Pre-Employment Practices: If language skills are relevant to the job, an employer may ask applicants what languages they read, speak, or write fluently. However, according to the Hawaii Civil Rights Commission’s (“HCRC”) Guideline for Pre-Employment Inquiries (Application Forms and Job Interviews), an employer should not make the following pre-employment inquiries: Applicant’s nationality, lineage, ancestry, national origin, descent, or parentage; nationality of applicant’s parent or spouse; maiden name of applicant’s wife or mother; language commonly used by applicant. “What is your mother tongue?; how applicant acquired ability to read, write, or speak a foreign language; whether applicant, parents, or spouse are naturalized or native-born U.S. citizens; birthplace of applicant; birthplace of applicant’s parents, spouse, or other relatives; requirement that applicant submit proof of birth document prior to hiring; “Of what country are you a citizen?; date when applicant, parents or spouse acquired U.S. citizenship; requirement that applicant produce naturalization papers.
National Security Exception: Employment decisions that discriminate against a person’s national origin are not unlawful if made for national security reasons. However, the singling out an individual or group when applying security requirements is unlawful. Employers relying on this exemption should be prepared prove as an affirmative defense that its employment decision was made because of national security requirements imposed by statute or Executive Order.
English-only Rules: Employers frequently pass an “English-only” in the workplace rule without realizing it potentially violates federal and Hawaii law prohibiting national origin/ancestry discrimination. Care must be taken when implementing a policy prohibiting employees from speaking in any language other than English.

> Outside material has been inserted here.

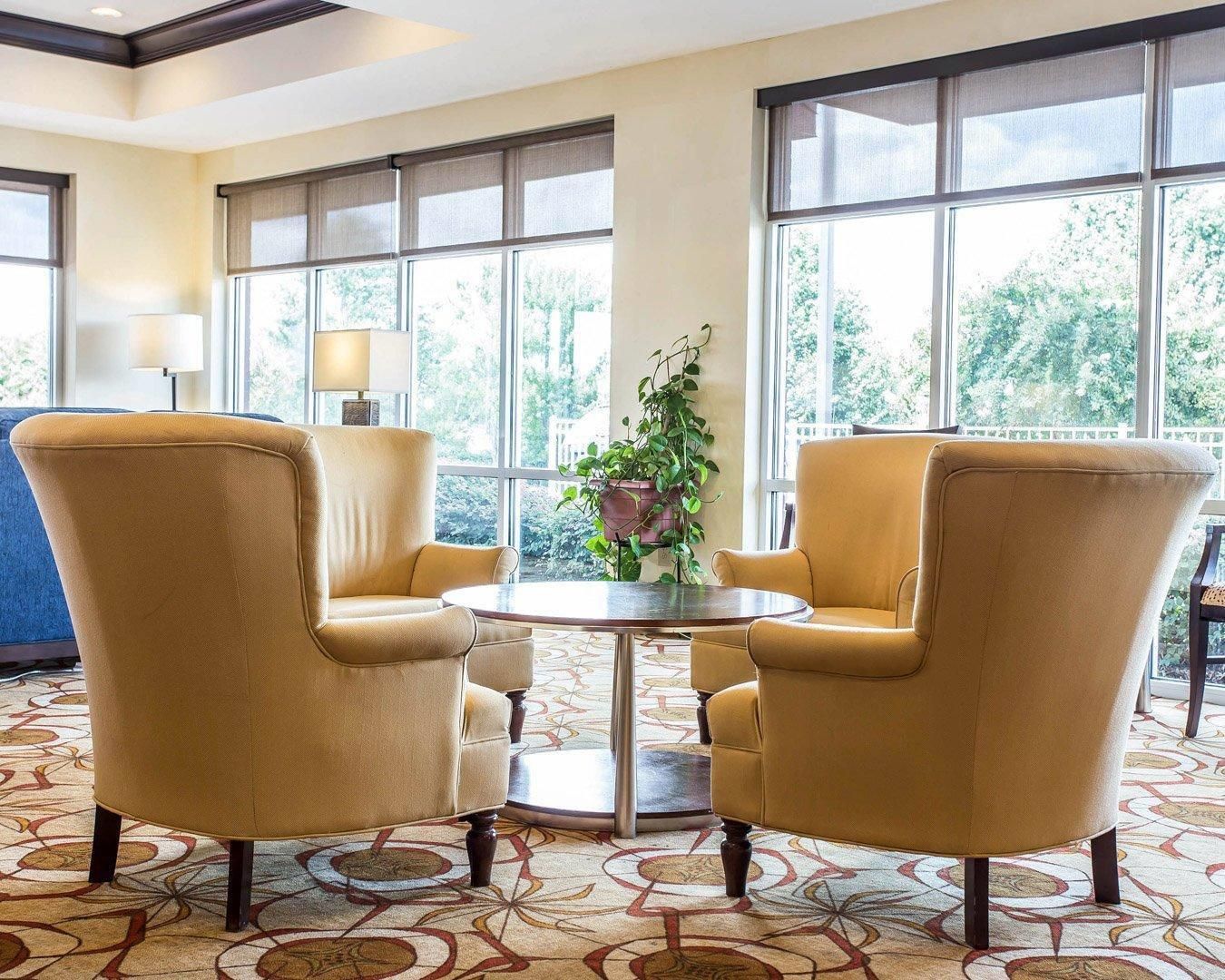 A room with two armchairs, a round table, and a potted plant.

The scope of the English-only rule may affect its lawfulness. The EEOC closely scrutinizes English only rules that are applied at all times, as opposed to only at certain times. Both the EEOC and the Hawaii Civil Rights Commission presume that English-only rules applied at all times, including work breaks, are unlawful. On the other hand, English-only rules that apply only at certain times may be justified by business necessity. Proper justifications for English-only rules include the promotion of safety or efficient business operations.
When deciding whether to adopt an English only rule, employers should consider the following: (1) evidence of safety or other business justifications for the rule; (2) likely effectiveness of the rule in meeting its objectives; and (3) English proficiency of workers affected by the rule.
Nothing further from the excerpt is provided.